Box Office, July 6: “Ant-Man And The Wasp” stung the competition, opening at No. 1, with $76 million. “Incredibles 2” stayed at No. 2 to become the first animated feature film to top $500 million at the domestic box office, with a still-solid $29 million, $504.3 million, four weeks. “Jurassic World: Fallen Kingdom” dropped two slots, from No. 2 to No. 3 with a stellar an also still-solid $28.5 million, $333.3 million, two weeks. “The First Purge” opened at No. 4, with $17.1 million for the weekend and $31 million since opening July 4.
5. “Sicario: Day of the Soldado” dropped two slots with $7.3 million, $35.3 million, two weeks. 6. “Uncle Drew” dropped two slots, with $6.6 million, $29.9 million, two weeks. 7. “Ocean’s Eight” sank two slots with $5.2 million, $126.7 million, five weeks. 8. “Tag” was it for a two-slot drop, $3.1 million, $48.3 million, four weeks. 9. “Won’t You Be My Neighbor?” moved up one slot to become the biggest-grossing documentary of the year so far, with $2.6 million, $12.3 million, five weeks. 10. “Deadpool 2” slipped three spots, $1.6 million, $314.5 million, eight weeks.
Unreel, July 13:
“Hotel Transylvania 3: Summer Vacation,” PG: Genndy Tartakovsky directs the voice talents of Mel Brooks, Adam Sandler, Selena Gomez and Andy Samberg in the animated feature film fantasy comedy.

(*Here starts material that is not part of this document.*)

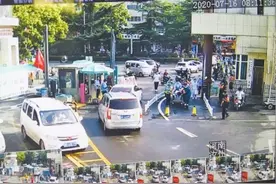 意外，孕妇路边车内产子 幸运，警医联手接力救援图片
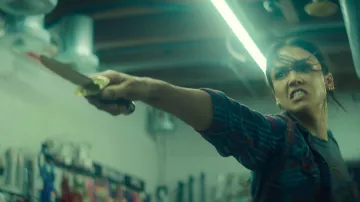 Tenues d’avertissement : Jessica Alba porte une chemise à rayures bleues pour incarner Parker dans le film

Mavis surprises Dracula with a family cruise on, what else, the Monster Cruise Ship.
“Skyscraper,” PG-13: Rawson Marshall Thurber directs Dwayne Johnson, Neve Campbell, Pablo Schreiber, and Noah Taylor in the action drama feature film. FBI Hostage Rescue Team leader and war veteran Will Sawyer, played by Johnson, a Freedom High School, Bethlehem Area School District, graduate, is a security consultant about skyscraper safety. A Hong Kong skyscraper is ablaze. Sawyer’s suspected of starting the fire. He must rescue a family trapped in the building.
“Don’t Worry, He Won’t Get Far on Foot,” R: Gus Van Sant directs Joaquin Phoenix, Jonah Hill, Rooney Mara, and Jack Black in the comedy drama feature film. A recovering alcoholic finds inspiration as a cartoonist.
“Eighth Grade,” R: Bo Burnham directs Josh Hamilton, Daniel Zolghadri, Elsie Fisher and Emily Robinson in the feature comedy. A teen girl in her last week of school before starting high school.
“Yellow Submarine,” G: George Dunning directs the voice talents of The Beatles’ Paul McCartney, George Harrison, Ringo Starr and John Lennon in the animated fantasy feature musical. The rerelease of the landmark 1968 animated film was inspired by the Beatles’ hit and includes other popular Beatles songs.
Four popcorn boxes out of five popcorn boxes.